The Virtual Learning Assistance Center for LSC-Online students is being piloted as the student support center. Expected to become operational during the 2010 academic year, students will have access to dedicated online advisers and individualized academic assistance intended to encourage student retention and sustain student success.
Both centers received international recognition by winning the Leadership Award for Best in Class at the IMS Global Learning Consortium’s Learning Impact 2010 conference.
Schiro said another pilot project currently in development is a Learning Object Repository, a place where LSC-Online can store and organize learning content. LSC-Online also is working with McGraw-Hill to explore the possibility of making content available in online dual credit courses. “The idea is that by following Common Cartridge standards, faculty could virtually build their own textbooks by cutting and pasting content to meet specific course needs. But the project is still very much in the experimental stage. We’re working with a select group of faculty and staff to develop the concept.”

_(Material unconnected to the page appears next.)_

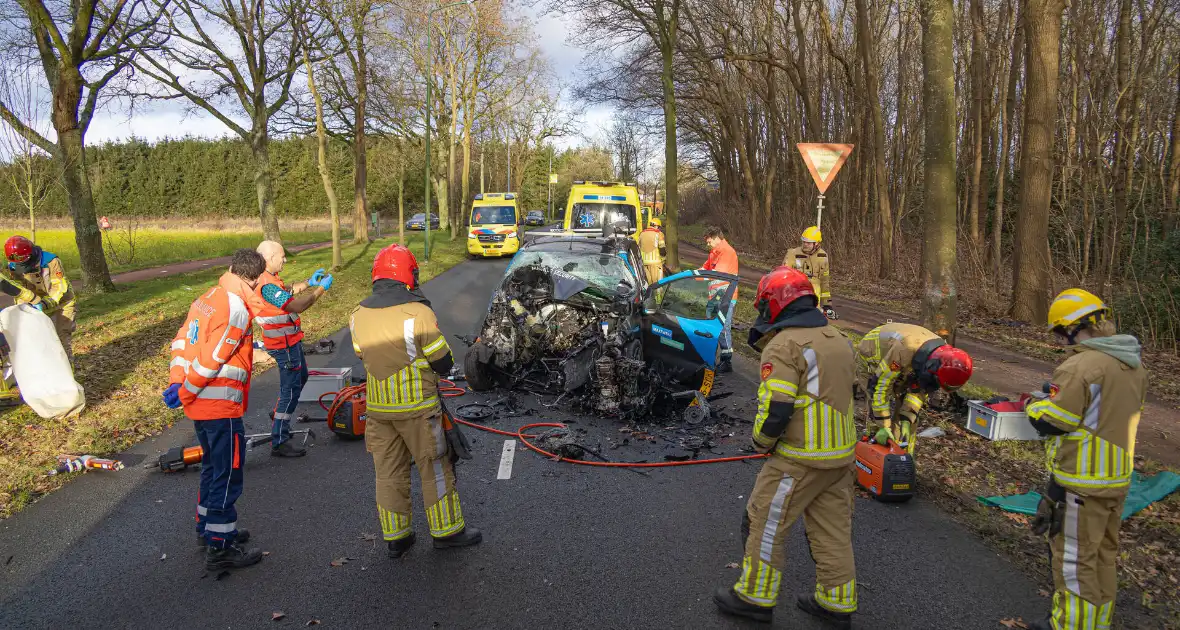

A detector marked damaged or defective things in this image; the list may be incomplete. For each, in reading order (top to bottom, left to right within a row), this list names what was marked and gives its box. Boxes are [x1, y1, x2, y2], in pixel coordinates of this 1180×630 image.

shattered windshield [470, 206, 516, 226]
shattered windshield [572, 204, 640, 233]
shattered windshield [508, 247, 640, 298]
severely damaged car [464, 235, 736, 422]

Through the process of transitioning to their new LMS over the past 18 months, and as they’ve implemented new applications and systems in support of their various constituencies, Schiro said they have really come to appreciate the value of their IMS membership and the guidance provided in understanding and adopting interoperability standards. “Going forward, every product and service we consider, we will make sure they are on the IMS bandwagon. We want to make sure our content isn’t locked into the LMS, but can be shared with our partners.”